> [DATA SHOWN]:
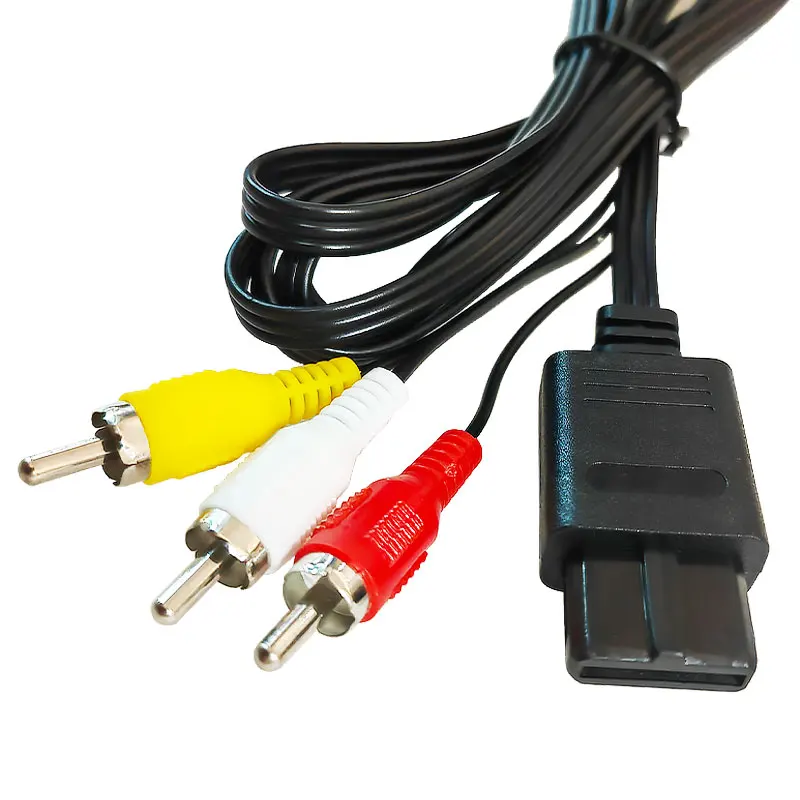 1.8m AV Audio Cable extend Composite Video Cord 6 Feet LineCompatible with Nintendo 64/N64/GameCube/NGC SNES SFC TV Game Console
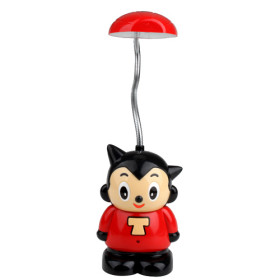 Cute Cartoon LED Super Capacity Red Desk Lamp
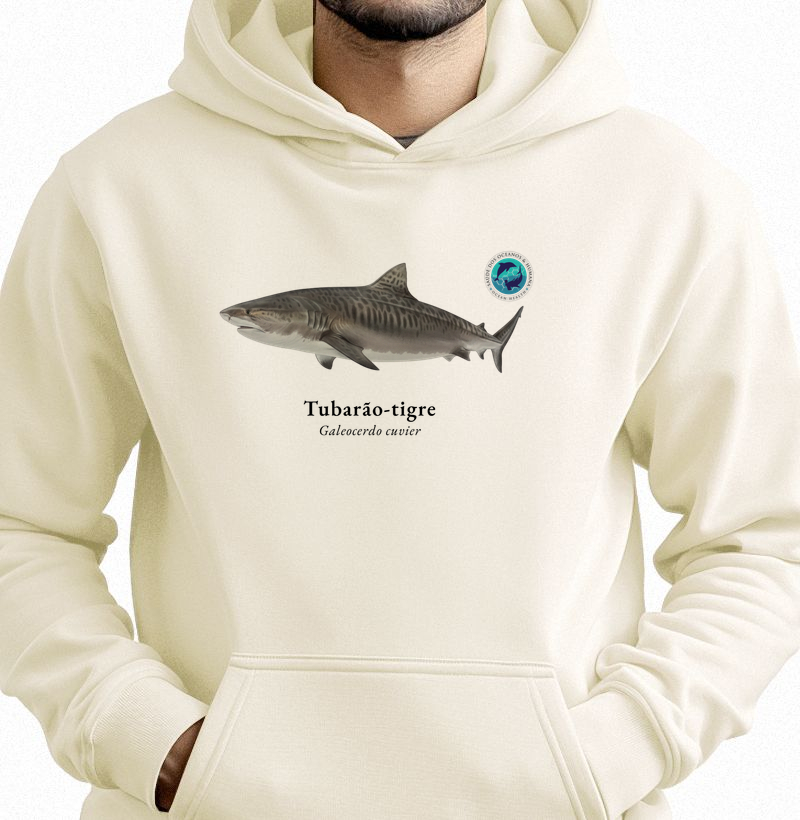 Tubarão-tigre - Hoodie Moletom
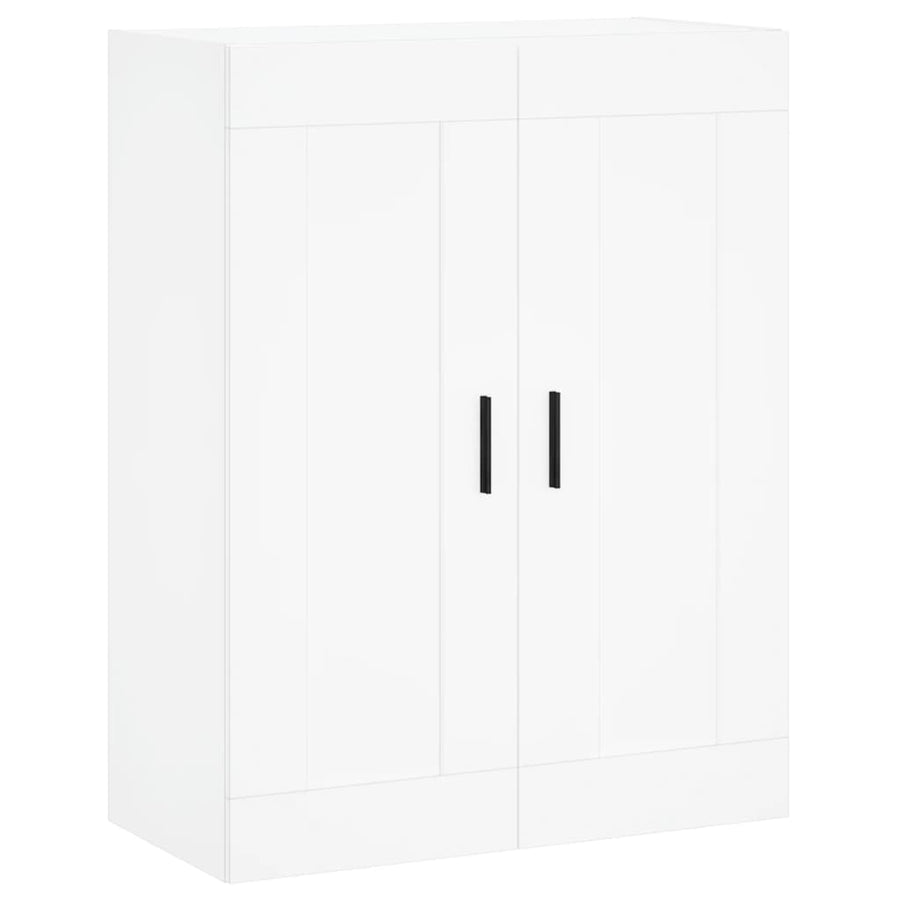 Hoge kast 69,5x34x180 cm bewerkt hout wit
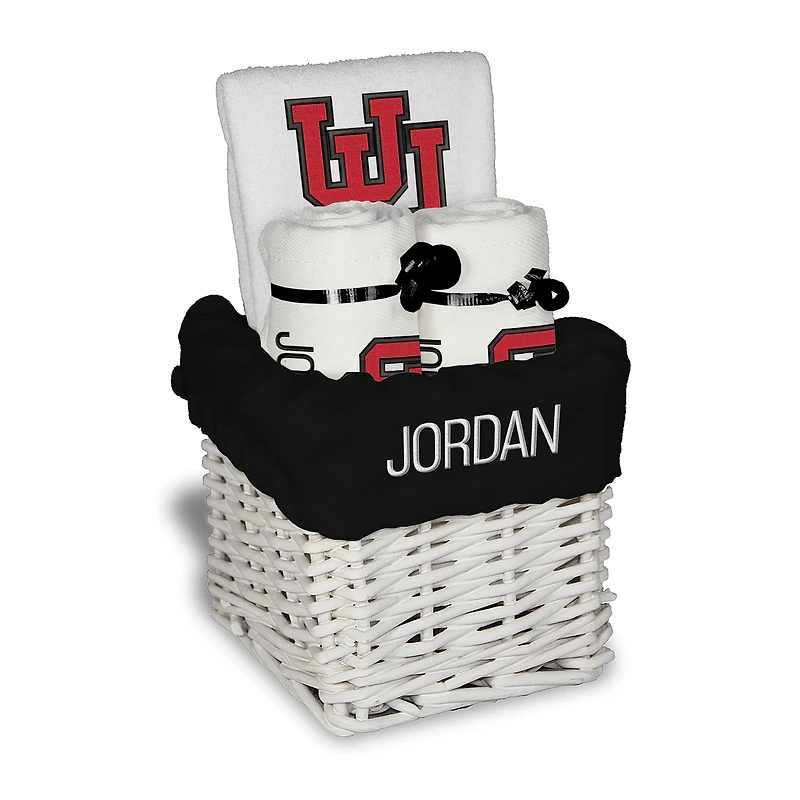 Chad & Jake Utah Utes Personalized Small Gift Basket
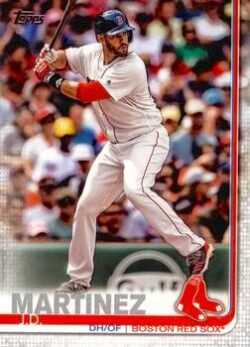 2019 Topps Series 1 Baseball #077 JD Martinez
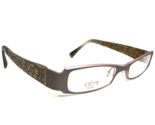 Lafont Eyeglasses Frames ATMOSPHERE 275 Black Pink Floral Rectangular 50... - $121.56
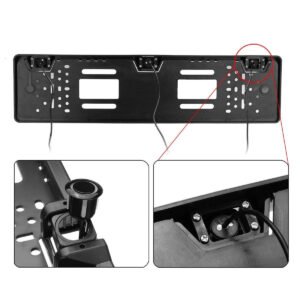 Рамка для номера з камерою заднього виду та парктрониками CAR CAM. 5429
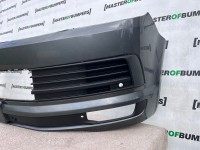 VW Transporter Caravelle T6 2016-2019 Front Bumper 4 Pdc No Jets Genuine [v149]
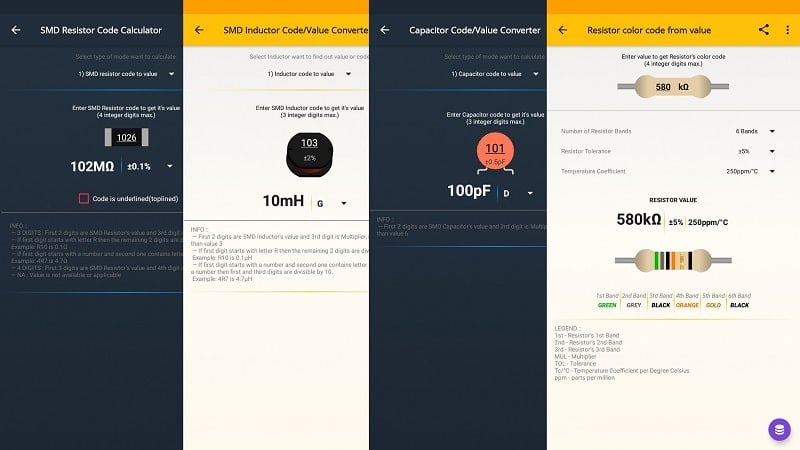 ElectroCalc Screenshot 1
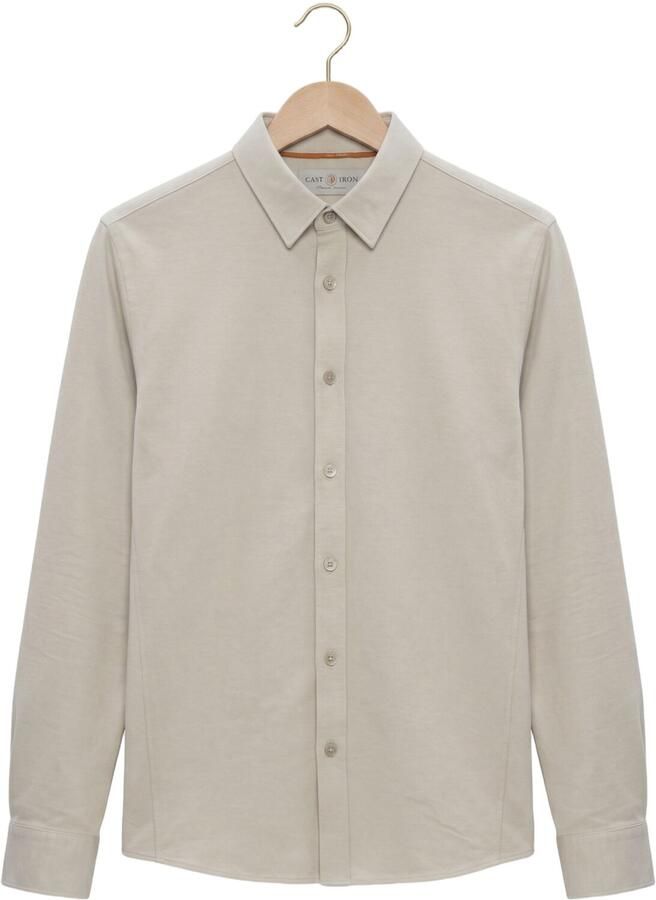 CAST IRON Heren Overhemden Cf Tech Fine Jersey Beige - Foto 2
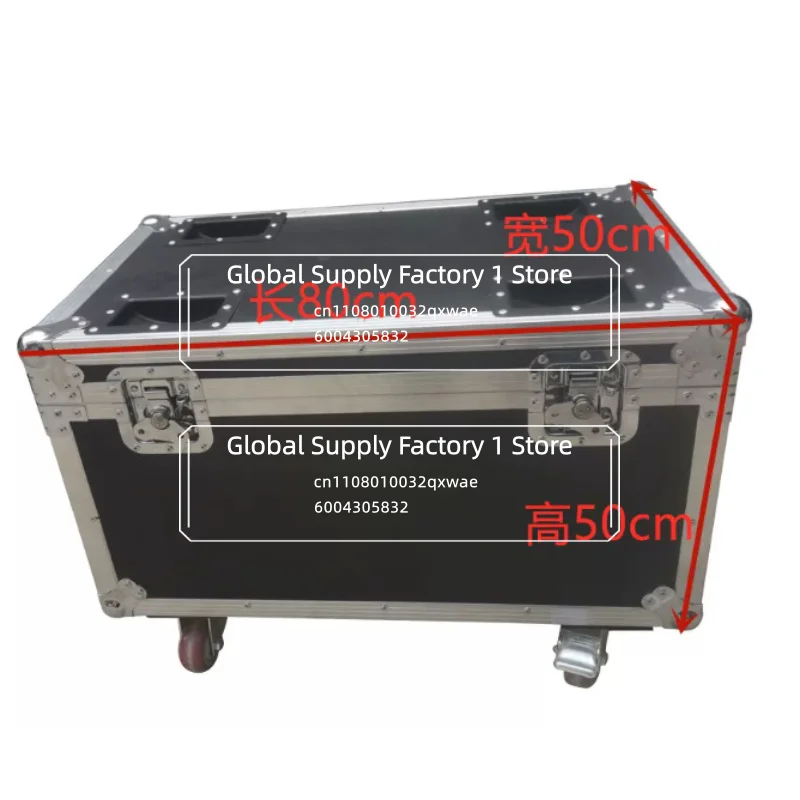 Cable Wire Storage Trunk Shockproof Tool Box Flight Case with Wheels Stage Lighting Equipment Transport Case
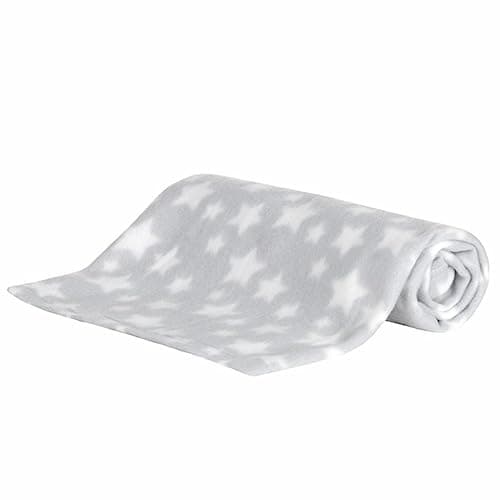 BBsky Set of 3 Baby Boy Girl Unisex Newborn Super Soft Fleece Blankets, Multi Purpose Patterned Crib Car Moses Pram Seat Stroller Cover Travel Home or Just for Gift Idea (Grey) — view 3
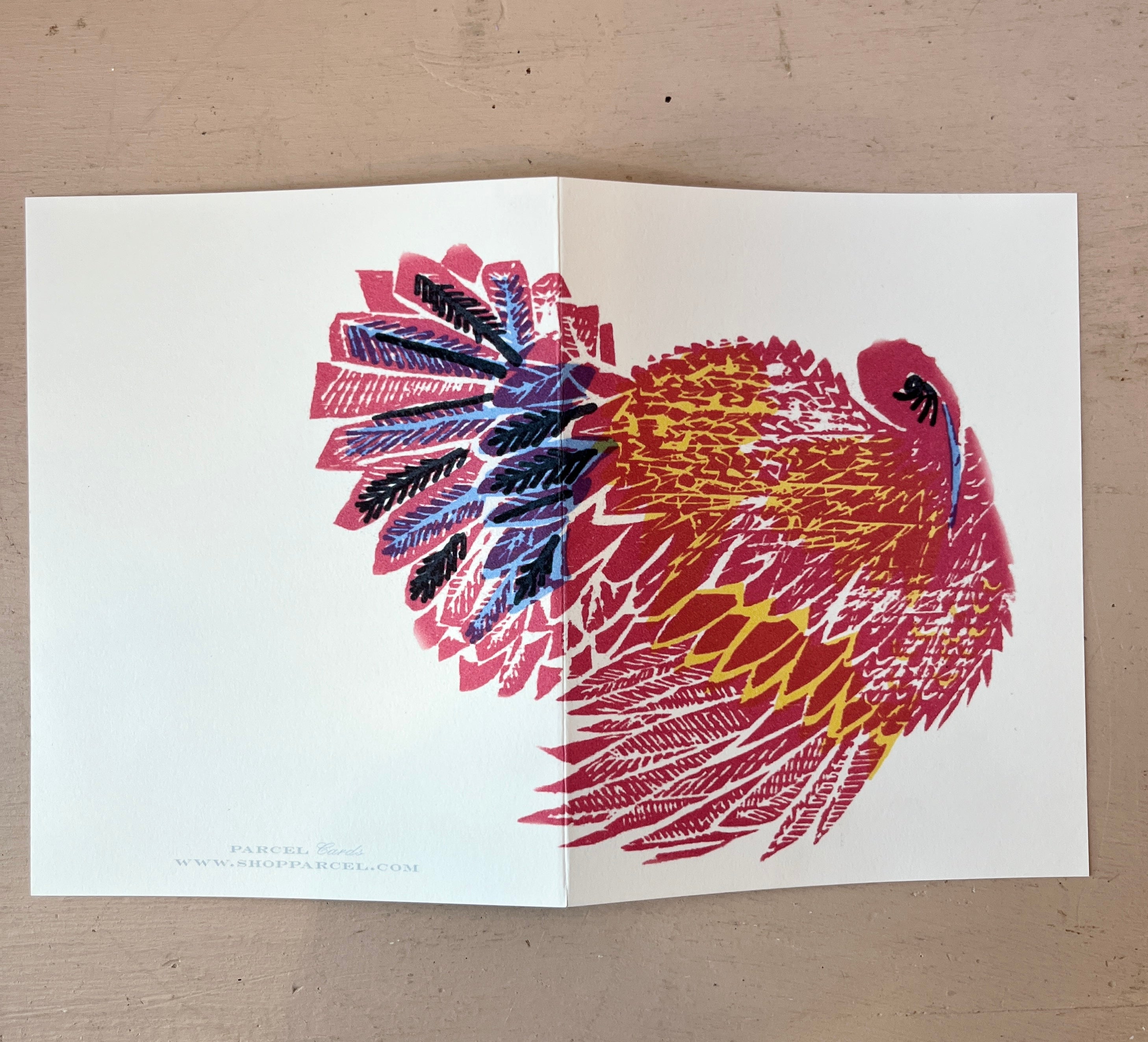 Screen Print Characters Folded Card Set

> [REQUIRED ACTION]: Return the entries above in full and unchanged, omitting every image.

> [FINISHED EXERCISE]:
 1.8m AV Audio Cable extend Composite Video Cord 6 Feet LineCompatible with Nintendo 64/N64/GameCube/NGC SNES SFC TV Game Console
 Cute Cartoon LED Super Capacity Red Desk Lamp
 Tubarão-tigre - Hoodie Moletom
 Hoge kast 69,5x34x180 cm bewerkt hout wit
 Chad & Jake Utah Utes Personalized Small Gift Basket
 2019 Topps Series 1 Baseball #077 JD Martinez
 Lafont Eyeglasses Frames ATMOSPHERE 275 Black Pink Floral Rectangular 50... - $121.56
 Рамка для номера з камерою заднього виду та парктрониками CAR CAM. 5429
 VW Transporter Caravelle T6 2016-2019 Front Bumper 4 Pdc No Jets Genuine [v149]
 ElectroCalc Screenshot 1
 CAST IRON Heren Overhemden Cf Tech Fine Jersey Beige - Foto 2
 Cable Wire Storage Trunk Shockproof Tool Box Flight Case with Wheels Stage Lighting Equipment Transport Case
 BBsky Set of 3 Baby Boy Girl Unisex Newborn Super Soft Fleece Blankets, Multi Purpose Patterned Crib Car Moses Pram Seat Stroller Cover Travel Home or Just for Gift Idea (Grey) — view 3
 Screen Print Characters Folded Card Set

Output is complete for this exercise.